“There was only dirty windows, you know. They weren’t like they are now, today. There was no… not much hygiene back thenMrs Yates (p.18)
The late nineteenth century had seen great strides in public health provision and hygiene however dangerous and most often fatal illnesses and diseases were still very prevalent within society. In 1900 the life expectancy was below 50 and 165 infants out of every 1,000 died before their first birthday. Many of the working classes in Britain suffered from occupational diseases as a result of poor working environments with little access to healthcare.
Mrs Yates discusses the health and disability of the residents in Lower Darwen from sick workers to the expense of doctors’ bills. In the nineteenth century, towns in Lancashire had some of the poorest health outcomes in Britain due to the insufficient factory conditions the working classes had to endure. As Lower Darwen was a mill town many of the village residents suffered from respiratory problems, and Mrs Yates reveals in her interview that the biggest health issue was Bronchitis (which can be caused by inhaling cotton dust). The dominance of the cotton industry in Lancashire meant that many people were suffering from occupational illness and disease: ‘by the late nineteenth century, Lancashire mill towns had gained an infamous reputation for having some of the lowest health expenditures and poorest health outcomes in Britain’ (Greenlees, 2019, p.31).
Health care was also not attainable for many working-class families due to its expense, and Mrs Yates confesses to Berger how the doctor would have a great impact on finances if a family member ever happened to fall ill, ‘you didn’t have the doctor if you could avoid having the doctor’ (p.16). Unfortunately, working-class people would most often live with debilitating ailments and illnesses due to their poor financial state. Although, many would pay the doctor off on tick every week as Mrs Yates’s mother did, ‘I know my mother used to pay a shilling a week off the bill’ (p.16) however this debt would only mount up again if a family member became ill which left them in an endless cycle of debt. If a mill worker ever became ill a ‘sick-worker’ would take their place in the factory for as long as they needed to ensure the mill continued running smoothly. However, this meant that people would have to go without wages for the period that the sick workers were in which left families destitute.
There was only dirty windows, you know. They weren’t like they are now, today. There was no… not much hygiene then” (p.18)
The conditions in the workplace were below standard with loud machinery that caused deafness and poorly ventilated spaces that caused respiratory issues. Mrs Yates recalls how workers could not hear each other over the heavy machinery: ‘you’d have to go right to their ear and speak that way. You couldn’t talk- you know over it. Oh, it’s very very noisy’ (p.11). Deafness was not seen as a disability in the nineteenth century as it did not prevent people from physically working. It was only in 1907 when industrial deafness gained political awareness when the Home Office Departmental Committee on Compensation for Industrial Diseases debated whether to include deafness caused by work on the list of comprehensible injuries and illness (Greenlees, 2019, p.133). On top of this, the mills were very hot places to work and dew often collected on the floor from the humidity which caused slipping hazards. To prevent this, workers would have to wear clogs. Overall, mill factories were very dangerous places and work often resulted in injury and in some cases death. In addition, compensation was not given to workers who injured themselves in the workplace which meant there was no support given to people who sustained lifelong injuries.

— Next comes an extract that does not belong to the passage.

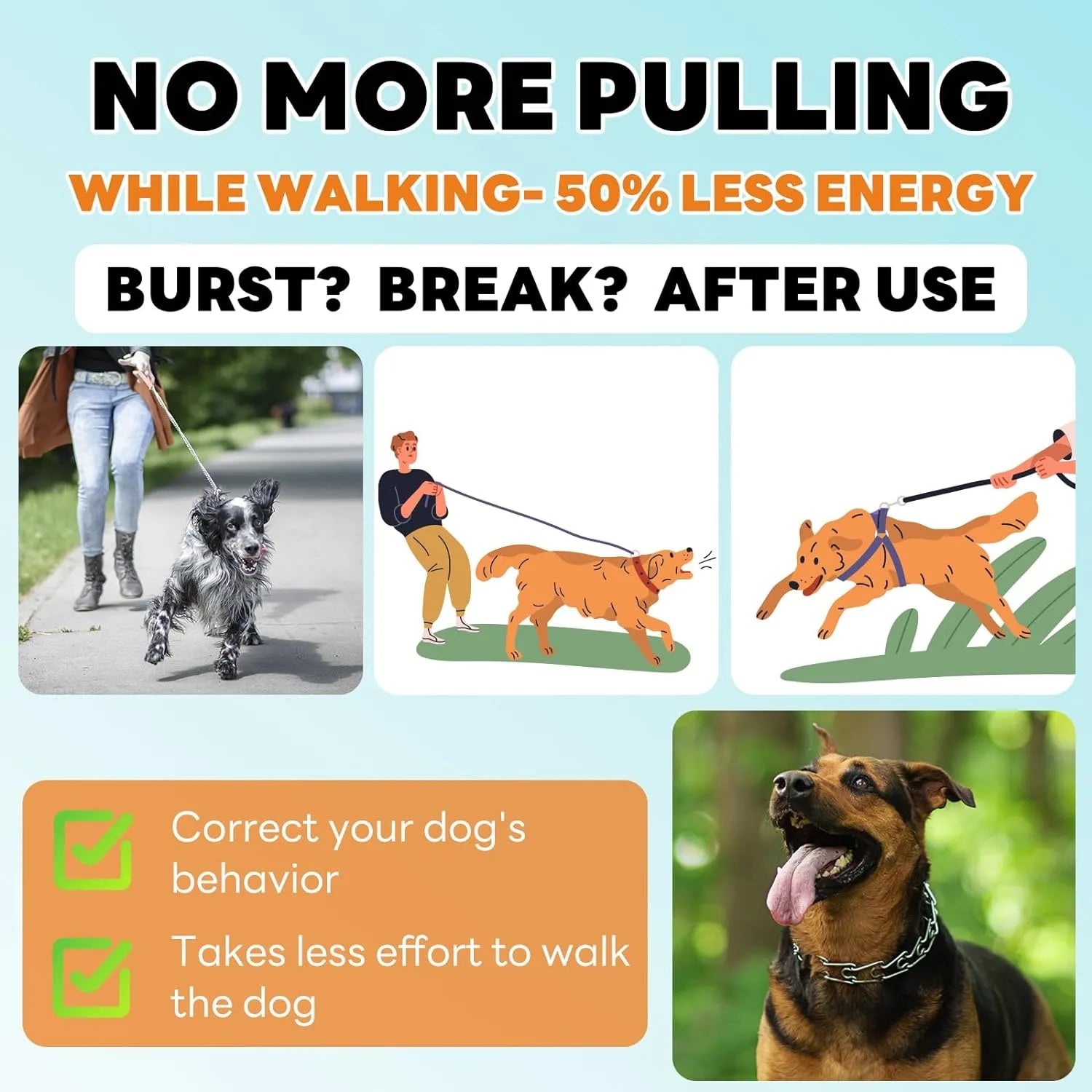 Adjustable Dog Prong Training Collar – Stainless Steel with Quick Release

After the Public Health Act of 1872, towns were required to employ a Ministry of Health who was meant to be independent of council pressures: ‘During the nineteenth century, the local business elite dominated Lancashire town councils and helped set the public health agenda.’ (Greenlees, 2013). Lower Darwen’s acting Ministry of Health would most likely have been the Eccles family who Mrs Yates describes as being the reliever of the working-classes: ‘the Eccles family were very good to the work people. anybody in lower Darwen who was sort of ill or short they’d only have to go to the Elms and they would be relieved’ (p.16). Many villagers would utilise the help from the Eccles family to relieve them of debts in order to help them from spiralling into financial difficulties.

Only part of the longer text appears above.